As a sign of how concerns about opioids cross party lines, the Republican Toomey pointed to legislation he’s sponsored with Democratic Sen. Doug Jones, of Alabama.
“We don’t agree on many things," Toomey acknowledged. But "I look for areas where we agree and try to make progress, and this is one that he and I both see exactly the same way.”
Toomey said the legislation aims to dissuade countries from exporting fentanyl to the United States through a series of penalties that will make the process “prohibitively expensive.”
First-term Republican Congressman Rep. Guy Reschenthaler, who represents Southwestern Pennsylvania, also attended the event and is a cosponsor of similar legislation in the House.
“There’s not going to be one silver bullet that solves this epidemic,” Reschenthaler said. “Part of it is criminal justice reform, a paradigm shift in the way we address pain management – it’s going to be a lot of different things.”
But on some other topics the two Pennsylvania Republicans parted ways. Take President Trump’s recent decision to declare a national emergency at the southern U.S. border, after Congress passed a spending bill that didn't provide the funding he wanted for a border wall. The declaration has drawn criticism from both Democrats and Republicans, who worry it sets a dangerous precedent.
Reschenthaler supported Trump's move.
“I think there’s precedent for where this has been used several times in the past," he said. “If you want to take a look at the statute and say it’s too broad, that’s one thing, but we’ve got to do something to stop the illegal drugs flowing into the United States.”
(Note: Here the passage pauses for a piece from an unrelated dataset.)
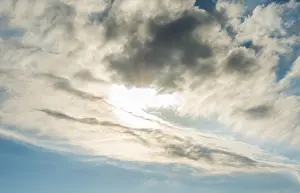 Cloud Formations Drucke: Sun shining through clouds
Toomey was less enthusiastic, calling the declaration "unfortunate."
“I was hoping this would be resolved through a legislative process, rather than an emergency declaration," he said.
Sen. Toomey said he expects a resolution in Congress to counter the President’s emergency declaration. But he wasn’t sure when such a proposal might be introduced, and he declined to say he would support it.
“I’m still evaluating the actual legal basis for the President’s decisions,” Toomey said. “It’s complicated. There are various sources of funds the President appears to be intent to draw on. I want to evaluate the legal basis for those decisions.”
The two Republicans also split on expanding background checks for gun sales. A proposal in the House would expand background checks for all gun sales, a concept Toomey has backed with legislation of his own in the past.
Reschenthaler, who sits on the House Judiciary Committee, recently voiced his strong opposition to the bipartisan House bill, saying the legislation wouldn’t solve gun violence, but is instead just a first step in creating a national gun registry.
“This is one of the things where Congressman Reschenthaler and I just disagree,” Toomey said. While he wouldn’t comment on the specific legislation, Toomey did reiterate his support for broadening background checks for all commercial gun sales online and at gun shows.
“I am in an ongoing effort to speak with my colleagues – especially Republican colleagues – to see if there might be more support than we’ve had in the past,” he said.